Warren Buffett is very clear that the heart of his investing philosophy is buying wonderful companies at fair prices.

While the rest of us may not possess the insight of Buffett when determining what constitutes a wonderful company at a fair price, Joel Greenblatt has simplified Buffett’s approach into an easily understandable formula.

Greenblatt’s ‘Magic Formula’ balances high returns on invested capital (a measure of business quality) with a measure of value (EBIT/enterprise value).

According to Greenblatt, and supported by evidence published more recently, the ‘Magic Formula’ beats the market.

Here are five companies that fit the profile of the type of companies that are sought by Greenblatt – companies with high returns on invested capital that represent fair value.

Macquarie Atlas Roads Limited (ASX: MQA)

Macquarie Atlas Roads own and operate toll roads, bridges and tunnels in France, the United States and Germany. The company invests in global infrastructure assets that generate stable cash flows and offer potentially resilient long-term performance through economic cycles. Based on last year’s financial reports, Macquarie Atlas Roads has a return on invested capital of 24.9%, and it currently trades at an EBIT/enterprise value of 10%.

Fortescue Metals Group Limited (ASX: FMG)

Fortescue is an iron-ore miner that produces iron ore from mines in Western Australia. The share price has come under pressure due to declining prices for its lower grade iron ore. Based on 2017 financial reports, Fortescue has a return on invested capital of almost 20%, and an EBIT/enterprise value of 22%.

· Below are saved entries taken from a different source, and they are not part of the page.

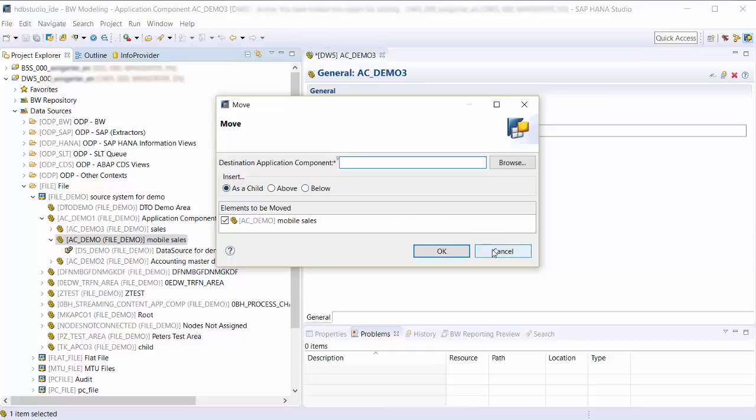Please note, if you have switched on the alphabetical order for BW objects, you cannot choose if the application component gets inserted above or below.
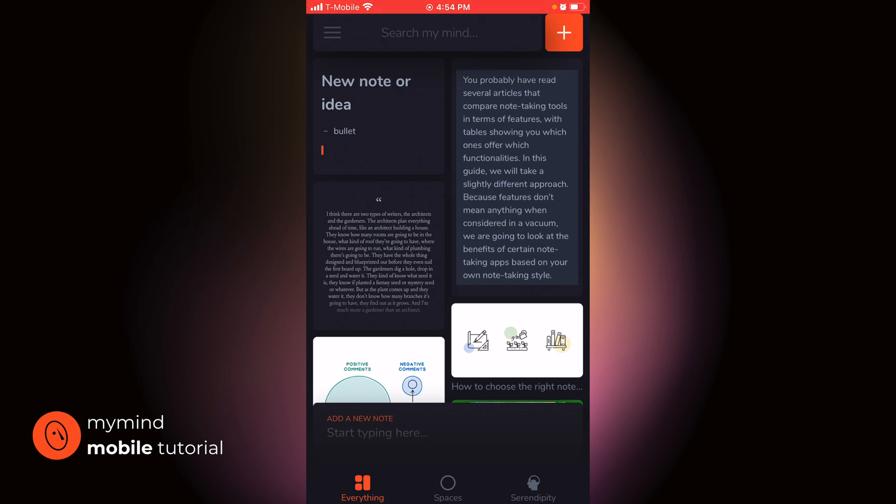So I hope through this video, you've seen that it's never been easier to both capture ideas and thoughts and also retrieve those and resurface those. And if you enjoyed this video and want to nerd out with me some more on all things PKM, check out this next video.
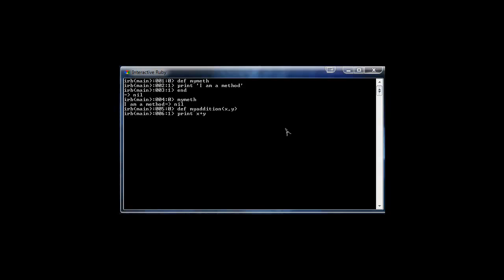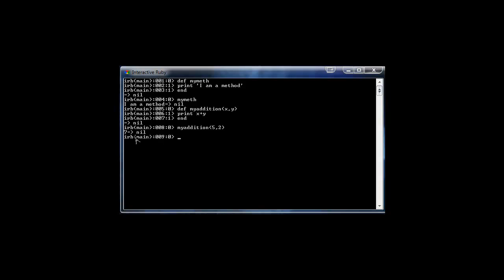What I want this method to do is print out X plus Y. So we define that in the body and then type 'end'. Now we call 'my_addition(5, 2)' and you'll see that it returns seven, because five plus two is seven. That's how you define a method with arguments.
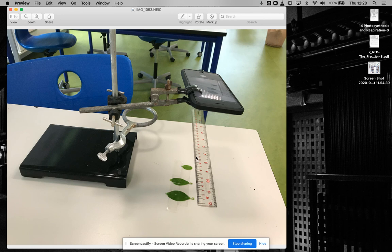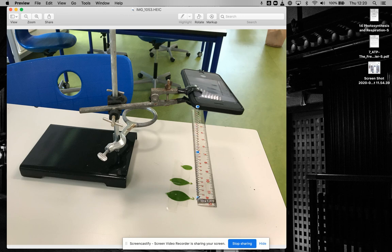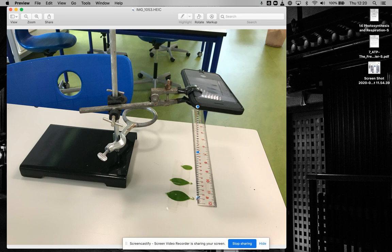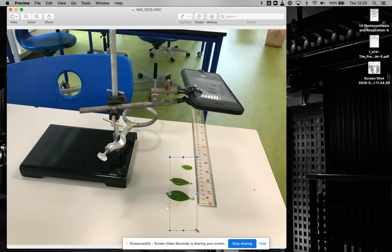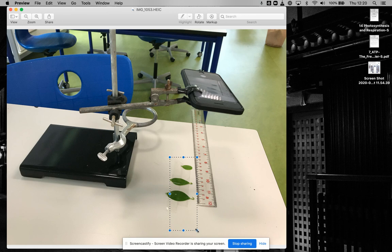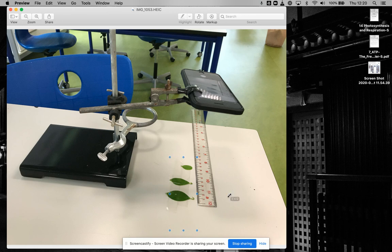The first thing you have to do is have a physical setup like this. You have the camera at a set distance away from the table, and you don't want to move that for reasons I'll make clear later. Down here you have your sample. In this case, I took some leaves and taped them to the table because they weren't perfectly flat, so I wanted to make sure I measured the area accurately.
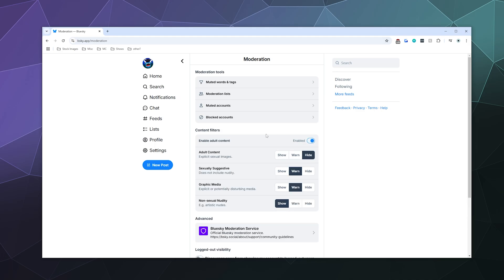And you can enable this by clicking on the enable adult content button right here at the top. And then you can set how much of this you actually want to view because there is a distinct difference between people who are here for extreme adult content and people who just want to see all of the different art that their friends make. It's completely up to you what you want to have.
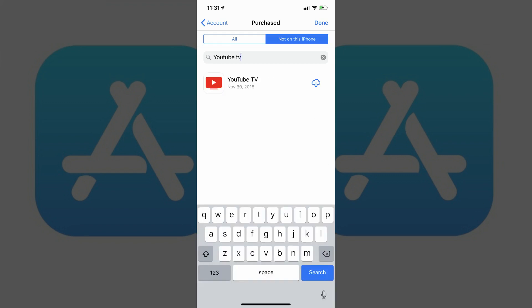Finally, you can tap inside of the Search field to search for a specific app you've purchased using your Apple ID.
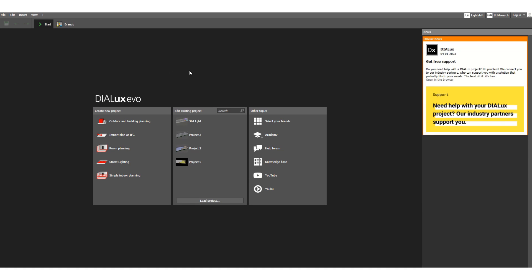This video is for lighting design for street lighting. When you open Dilex Evo, this screen will appear. This is Dilex Evo version 10.1 and we want to design the street light.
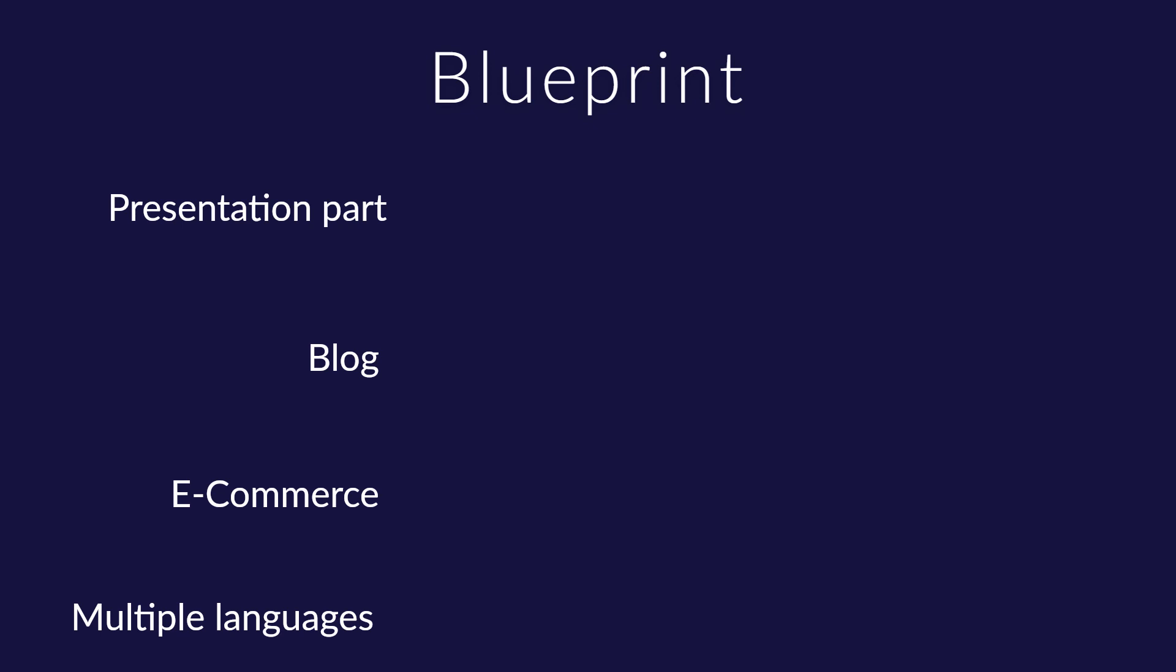Now, let's go to a deeper analysis. The presentation part will have the following pages: About Us, Gallery and Contact.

Qantas Airways Limited (ASX: QAN)

Qantas Airways provides air transportation within Australia and internationally. It also sells worldwide and domestic holiday tours. The share price has rallied recently on the back of tailwinds such as lower oil prices and changing investor sentiment around airlines. In 2017 Qantas reported a return on invested capital of 19%, and currently has an EBIT/enterprise value of 13.8%.

Codan Limited (ASX: CDA)

Codan is engaged in the development of electronic solutions for government, non-government, and consumer markets. Its businesses include radio communications, metal detection, mining automation, and defence electronics. In 2017 Codan reported a return on invested capital of 93, and it currently trades at an EBIT/enterprise value of 15.8%.

Adairs (ASX: ADH)

Adairs is a retailer of manchester and homewares. The company has over 160 stores across Australia in five physical store formats, comprising Adairs, Adairs Homemaker, Adairs Kids, UHR and Adairs Outlets. Adairs last reported a return on invested capital of almost 40%, and trades at an EBIT/enterprise value of 8.7%.

Foolish takeaway

These five companies offer a reasonable balance between business quality and value, typical of that sought by Warren Buffett and Joel Greenblatt. I’d be happy to buy them today with the view of capital growth throughout 2018.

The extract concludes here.